| Man linked to YBM fraud arrested in Russia 
 Associated Press and Canadian Press
 
 Friday, January 25, 2008
 
 MOSCOW — Russian police have arrested a suspected international crime boss sought by the FBI who allegedly bilked investors in a company incorporated in Canada out of millions of dollars.
 
 Semyon Mogilevich, a Ukrainian-born Russian citizen and the driving force behind defunct YBM Magnex International Inc., has long been wanted by the FBI on suspicion of involvement in organized crime.
 
 Mr. Mogilevich was detained in Moscow late Wednesday, said Angela Kostoyeva, spokeswoman for the Russian Interior Ministry's anti-organized crime unit.
 
 The businessman was detained under the alias of Sergei Schneider, she said, adding that he has used 17 other names and holds passports from several countries. A Moscow court approved his formal arrest Thursday.
 
 The FBI said on its website that Mr. Mogilevich and two other men were wanted for his alleged participation in a multimillion-dollar scheme to defraud investors in the stock of YBM, a company that formerly traded on the Toronto stock market.
 
 The ITAR-Tass news agency said Mr.
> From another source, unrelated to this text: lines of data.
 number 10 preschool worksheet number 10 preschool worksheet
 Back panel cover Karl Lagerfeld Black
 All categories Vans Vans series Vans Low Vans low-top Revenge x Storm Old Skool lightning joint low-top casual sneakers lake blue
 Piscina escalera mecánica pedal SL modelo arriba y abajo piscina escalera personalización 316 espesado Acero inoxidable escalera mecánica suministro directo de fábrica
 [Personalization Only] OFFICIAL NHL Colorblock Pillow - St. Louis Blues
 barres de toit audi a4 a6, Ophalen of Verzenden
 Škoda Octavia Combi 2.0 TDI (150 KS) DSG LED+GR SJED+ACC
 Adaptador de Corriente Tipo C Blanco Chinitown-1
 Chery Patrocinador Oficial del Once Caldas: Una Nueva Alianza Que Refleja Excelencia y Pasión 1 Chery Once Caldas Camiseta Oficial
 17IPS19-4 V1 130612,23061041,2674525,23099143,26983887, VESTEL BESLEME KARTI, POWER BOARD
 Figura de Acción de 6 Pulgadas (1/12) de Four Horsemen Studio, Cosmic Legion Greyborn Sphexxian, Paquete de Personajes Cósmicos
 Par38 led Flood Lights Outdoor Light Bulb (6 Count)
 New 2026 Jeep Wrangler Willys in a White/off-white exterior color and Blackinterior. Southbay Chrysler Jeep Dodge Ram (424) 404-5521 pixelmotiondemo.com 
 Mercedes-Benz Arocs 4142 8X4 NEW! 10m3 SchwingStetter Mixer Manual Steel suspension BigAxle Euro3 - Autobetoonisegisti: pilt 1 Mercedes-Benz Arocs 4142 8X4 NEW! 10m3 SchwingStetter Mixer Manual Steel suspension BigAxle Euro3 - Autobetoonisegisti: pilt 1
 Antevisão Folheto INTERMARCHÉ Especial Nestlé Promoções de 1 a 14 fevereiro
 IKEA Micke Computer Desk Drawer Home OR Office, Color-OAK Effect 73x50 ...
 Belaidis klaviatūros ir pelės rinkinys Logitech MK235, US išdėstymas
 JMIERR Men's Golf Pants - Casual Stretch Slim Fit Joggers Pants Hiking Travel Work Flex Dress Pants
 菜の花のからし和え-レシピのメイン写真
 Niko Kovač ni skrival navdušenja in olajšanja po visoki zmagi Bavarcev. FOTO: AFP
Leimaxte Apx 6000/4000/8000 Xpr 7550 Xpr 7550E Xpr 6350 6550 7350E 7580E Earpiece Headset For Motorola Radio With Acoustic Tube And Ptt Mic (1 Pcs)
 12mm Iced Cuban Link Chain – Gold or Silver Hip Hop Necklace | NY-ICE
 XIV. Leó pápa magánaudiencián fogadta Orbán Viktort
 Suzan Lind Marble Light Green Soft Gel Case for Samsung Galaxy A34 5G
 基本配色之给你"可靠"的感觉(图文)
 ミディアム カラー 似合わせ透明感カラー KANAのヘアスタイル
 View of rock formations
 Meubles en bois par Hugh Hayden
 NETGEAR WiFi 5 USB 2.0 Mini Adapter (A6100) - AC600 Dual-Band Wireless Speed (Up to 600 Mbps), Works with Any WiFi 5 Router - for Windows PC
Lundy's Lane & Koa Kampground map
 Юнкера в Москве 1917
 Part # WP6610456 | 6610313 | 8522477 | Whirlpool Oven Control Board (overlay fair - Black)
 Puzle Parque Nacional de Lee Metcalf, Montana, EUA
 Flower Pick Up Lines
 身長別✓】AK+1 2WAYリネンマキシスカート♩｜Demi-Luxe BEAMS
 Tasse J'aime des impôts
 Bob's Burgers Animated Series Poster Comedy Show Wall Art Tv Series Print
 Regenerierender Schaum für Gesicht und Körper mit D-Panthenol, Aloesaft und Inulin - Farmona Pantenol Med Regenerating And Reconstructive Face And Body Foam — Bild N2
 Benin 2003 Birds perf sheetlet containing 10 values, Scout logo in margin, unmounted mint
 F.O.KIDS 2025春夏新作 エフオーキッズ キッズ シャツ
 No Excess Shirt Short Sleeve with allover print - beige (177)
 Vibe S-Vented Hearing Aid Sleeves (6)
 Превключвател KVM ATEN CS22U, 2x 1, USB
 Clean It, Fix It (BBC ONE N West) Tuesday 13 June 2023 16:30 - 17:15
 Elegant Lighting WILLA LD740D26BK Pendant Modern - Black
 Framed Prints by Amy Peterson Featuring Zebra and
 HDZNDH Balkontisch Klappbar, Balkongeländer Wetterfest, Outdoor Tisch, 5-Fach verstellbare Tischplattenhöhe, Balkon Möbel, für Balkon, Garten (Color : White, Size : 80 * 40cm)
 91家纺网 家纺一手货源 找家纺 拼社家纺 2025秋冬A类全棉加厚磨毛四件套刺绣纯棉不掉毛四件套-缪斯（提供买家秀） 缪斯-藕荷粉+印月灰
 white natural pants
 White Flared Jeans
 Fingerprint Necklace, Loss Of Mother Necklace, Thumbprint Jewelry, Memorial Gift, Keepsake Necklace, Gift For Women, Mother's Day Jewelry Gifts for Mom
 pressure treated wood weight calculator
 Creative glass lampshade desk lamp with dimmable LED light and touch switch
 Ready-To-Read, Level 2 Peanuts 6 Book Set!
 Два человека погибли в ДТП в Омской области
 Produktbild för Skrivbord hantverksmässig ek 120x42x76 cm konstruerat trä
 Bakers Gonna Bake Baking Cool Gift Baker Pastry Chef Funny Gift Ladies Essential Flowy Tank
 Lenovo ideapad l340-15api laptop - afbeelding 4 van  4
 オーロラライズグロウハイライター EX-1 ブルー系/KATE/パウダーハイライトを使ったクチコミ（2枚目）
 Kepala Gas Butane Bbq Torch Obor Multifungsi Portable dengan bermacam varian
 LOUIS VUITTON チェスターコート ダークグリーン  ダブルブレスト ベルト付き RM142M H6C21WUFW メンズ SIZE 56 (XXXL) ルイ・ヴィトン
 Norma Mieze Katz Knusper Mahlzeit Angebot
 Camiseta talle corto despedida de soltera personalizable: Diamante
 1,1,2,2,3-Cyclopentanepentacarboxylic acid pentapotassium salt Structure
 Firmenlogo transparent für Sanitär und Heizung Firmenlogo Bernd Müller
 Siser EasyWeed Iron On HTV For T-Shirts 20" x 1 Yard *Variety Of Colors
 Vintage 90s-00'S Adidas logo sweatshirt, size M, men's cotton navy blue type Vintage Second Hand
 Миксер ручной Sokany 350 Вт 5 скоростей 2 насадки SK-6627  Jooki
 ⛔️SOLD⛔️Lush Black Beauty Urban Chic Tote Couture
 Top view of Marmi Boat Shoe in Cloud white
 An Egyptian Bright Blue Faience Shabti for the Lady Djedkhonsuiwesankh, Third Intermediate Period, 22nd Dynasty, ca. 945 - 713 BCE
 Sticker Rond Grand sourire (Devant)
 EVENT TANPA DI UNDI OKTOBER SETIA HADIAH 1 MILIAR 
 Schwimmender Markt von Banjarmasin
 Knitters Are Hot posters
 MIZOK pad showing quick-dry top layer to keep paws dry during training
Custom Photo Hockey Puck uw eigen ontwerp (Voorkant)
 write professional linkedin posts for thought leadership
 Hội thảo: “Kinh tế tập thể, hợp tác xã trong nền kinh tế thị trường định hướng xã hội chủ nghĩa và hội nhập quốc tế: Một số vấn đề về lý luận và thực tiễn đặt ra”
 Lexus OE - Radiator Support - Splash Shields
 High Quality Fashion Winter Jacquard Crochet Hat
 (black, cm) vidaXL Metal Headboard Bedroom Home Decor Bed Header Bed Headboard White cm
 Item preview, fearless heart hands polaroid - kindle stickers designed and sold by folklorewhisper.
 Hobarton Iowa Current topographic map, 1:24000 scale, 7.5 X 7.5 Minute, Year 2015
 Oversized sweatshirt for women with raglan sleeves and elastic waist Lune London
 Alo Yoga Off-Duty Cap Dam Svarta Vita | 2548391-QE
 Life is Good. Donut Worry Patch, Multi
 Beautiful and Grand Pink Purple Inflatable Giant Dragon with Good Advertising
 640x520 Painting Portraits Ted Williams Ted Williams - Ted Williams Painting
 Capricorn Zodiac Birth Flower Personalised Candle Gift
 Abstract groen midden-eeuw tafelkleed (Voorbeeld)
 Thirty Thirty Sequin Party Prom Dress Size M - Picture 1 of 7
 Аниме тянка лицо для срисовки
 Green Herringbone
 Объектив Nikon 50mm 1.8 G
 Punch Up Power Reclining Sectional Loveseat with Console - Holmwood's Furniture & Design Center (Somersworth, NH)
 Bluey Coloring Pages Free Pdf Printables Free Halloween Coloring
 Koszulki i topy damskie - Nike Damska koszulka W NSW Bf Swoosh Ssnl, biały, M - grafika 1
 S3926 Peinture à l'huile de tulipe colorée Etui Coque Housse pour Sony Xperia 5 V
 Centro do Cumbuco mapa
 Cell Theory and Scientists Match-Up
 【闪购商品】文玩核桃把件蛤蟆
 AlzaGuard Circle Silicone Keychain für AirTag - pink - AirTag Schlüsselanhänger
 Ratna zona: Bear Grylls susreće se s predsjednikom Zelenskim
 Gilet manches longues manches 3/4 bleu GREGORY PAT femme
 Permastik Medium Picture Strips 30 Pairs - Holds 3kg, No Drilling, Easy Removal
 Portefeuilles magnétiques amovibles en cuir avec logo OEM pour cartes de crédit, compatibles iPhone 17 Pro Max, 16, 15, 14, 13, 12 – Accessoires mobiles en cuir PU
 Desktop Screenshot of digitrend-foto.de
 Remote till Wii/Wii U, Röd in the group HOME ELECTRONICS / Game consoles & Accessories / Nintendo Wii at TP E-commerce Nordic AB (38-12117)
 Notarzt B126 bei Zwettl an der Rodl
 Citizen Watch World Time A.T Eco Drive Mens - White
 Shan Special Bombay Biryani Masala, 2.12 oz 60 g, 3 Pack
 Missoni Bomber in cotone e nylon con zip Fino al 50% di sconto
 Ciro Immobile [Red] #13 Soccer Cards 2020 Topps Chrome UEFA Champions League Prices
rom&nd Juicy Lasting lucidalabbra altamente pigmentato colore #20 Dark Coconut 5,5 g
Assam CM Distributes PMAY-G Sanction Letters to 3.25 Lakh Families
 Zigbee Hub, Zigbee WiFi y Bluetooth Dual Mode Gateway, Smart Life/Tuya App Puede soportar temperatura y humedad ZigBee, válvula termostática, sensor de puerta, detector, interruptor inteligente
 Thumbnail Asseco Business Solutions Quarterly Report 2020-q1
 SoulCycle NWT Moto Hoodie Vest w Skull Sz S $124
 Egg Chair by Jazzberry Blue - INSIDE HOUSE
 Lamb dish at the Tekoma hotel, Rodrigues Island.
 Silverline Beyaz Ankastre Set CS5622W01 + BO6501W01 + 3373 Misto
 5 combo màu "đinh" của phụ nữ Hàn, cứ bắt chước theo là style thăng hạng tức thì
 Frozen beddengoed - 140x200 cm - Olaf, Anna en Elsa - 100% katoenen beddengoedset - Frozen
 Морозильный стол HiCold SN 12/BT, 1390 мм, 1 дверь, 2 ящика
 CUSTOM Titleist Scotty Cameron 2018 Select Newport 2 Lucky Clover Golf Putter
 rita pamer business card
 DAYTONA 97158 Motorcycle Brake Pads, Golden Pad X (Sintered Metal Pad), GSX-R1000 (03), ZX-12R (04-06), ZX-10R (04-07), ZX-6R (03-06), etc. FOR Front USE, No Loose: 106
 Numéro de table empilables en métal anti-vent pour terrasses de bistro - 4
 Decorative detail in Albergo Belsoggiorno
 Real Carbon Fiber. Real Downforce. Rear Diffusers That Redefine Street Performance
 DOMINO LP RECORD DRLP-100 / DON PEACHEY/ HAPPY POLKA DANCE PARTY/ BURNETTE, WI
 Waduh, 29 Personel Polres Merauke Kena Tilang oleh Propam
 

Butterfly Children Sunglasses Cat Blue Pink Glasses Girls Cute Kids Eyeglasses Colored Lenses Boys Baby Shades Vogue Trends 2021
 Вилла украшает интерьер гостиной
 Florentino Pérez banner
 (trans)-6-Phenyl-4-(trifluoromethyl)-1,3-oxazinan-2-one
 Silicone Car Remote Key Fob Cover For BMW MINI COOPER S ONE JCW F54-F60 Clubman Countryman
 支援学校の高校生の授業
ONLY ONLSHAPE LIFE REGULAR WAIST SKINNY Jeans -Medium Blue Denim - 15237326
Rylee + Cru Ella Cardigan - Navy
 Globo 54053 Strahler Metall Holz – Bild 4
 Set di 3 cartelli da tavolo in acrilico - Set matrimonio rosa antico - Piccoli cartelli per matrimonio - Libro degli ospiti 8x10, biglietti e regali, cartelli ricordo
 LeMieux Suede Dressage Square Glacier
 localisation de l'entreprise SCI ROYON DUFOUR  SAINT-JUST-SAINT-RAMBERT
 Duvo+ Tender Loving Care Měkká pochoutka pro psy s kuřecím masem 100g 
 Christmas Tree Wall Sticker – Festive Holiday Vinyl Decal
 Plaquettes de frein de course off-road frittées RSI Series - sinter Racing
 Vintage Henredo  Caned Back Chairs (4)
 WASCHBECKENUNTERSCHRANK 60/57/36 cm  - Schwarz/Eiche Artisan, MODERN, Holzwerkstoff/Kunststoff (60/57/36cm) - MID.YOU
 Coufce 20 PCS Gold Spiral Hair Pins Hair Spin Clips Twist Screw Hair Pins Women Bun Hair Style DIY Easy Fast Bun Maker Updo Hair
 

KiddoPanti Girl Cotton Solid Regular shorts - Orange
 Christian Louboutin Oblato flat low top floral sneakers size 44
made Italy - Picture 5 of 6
Mogilevich, who also has Hungarian and Israeli citizenship, also has been sought by police in Ukraine and Israel on charges of money-laundering, racketeering, weapons smuggling and illegal energy deals.
 
 According to a U.S. indictment, investors in YBM Magnex lost $150-million (U.S.) through Mr. Mogilevich's scheme, which involved inflating stock values, false accounting and laundering money.
 
 Mr. Mogilevich ran the scheme from his base in Budapest but left Hungary for Moscow in 1999 after a special FBI task force was set up in Budapest.
 
 In just four years, YBM Magnex saw its stock soar from 10 cents a share to around $14 a share on the Toronto stock market before officials halted trading in 1998.
 
 In 1999, a U.S. judge fined the company $3-million and ordered it to repay more than $77-million to defrauded investors. YBM, as a corporation, pleaded guilty to fraud and agreed to sell its $6.3-million headquarters to settle its debt.
 
 Nine YBM officers and board members - including former Ontario premier David Peterson - along with National Bank and investment dealer Griffiths McBurney, faced allegations of failing to disclose all material facts about YBM in a 1997 prospectus.
 
 Five YBM directors - but not Mr. Peterson - were variously ordered to repay the Ontario Securities Commission's investigation and hearing costs, ranging from $75,000 to $250,000 (Canadian), or barred from sitting on boards for a period of three years to life, or both.
 
 The OSC argued that YBM officials knew of allegations that company founders had ties to the Russian mob for months before investors were told. The respondents said there was no solid evidence of criminal activity.
 
 Hearings were held in Toronto over 18 months in 2001 and 2002.
 
 Mr. Mogilevich, who has an economics degree, has lived in Moscow for the past several years, according to news accounts. The 61-year-old businessman lived in Israel before moving to Hungary in 1995.
 
 Wednesday's arrest was made in connection with an investigation into an alleged tax evasion scheme by the owners of Arbat Prestige, a successful chain of Russian cosmetic stores.
 
 Dozens of police grabbed Mr. Mogilevich on the street near a supermarket, along with Vladimir Nekrasov, the majority owner of Arbat Prestige. The two men, who had been accompanied by a large group of bodyguards, surrendered without resisting.
 
 Authorities said Arbat Prestige was suspected of evading about $2-million in taxes.
 
 A spokesman for the U.S. Embassy declined to comment on the arrest. The U.S. has no extradition treaty with Russia.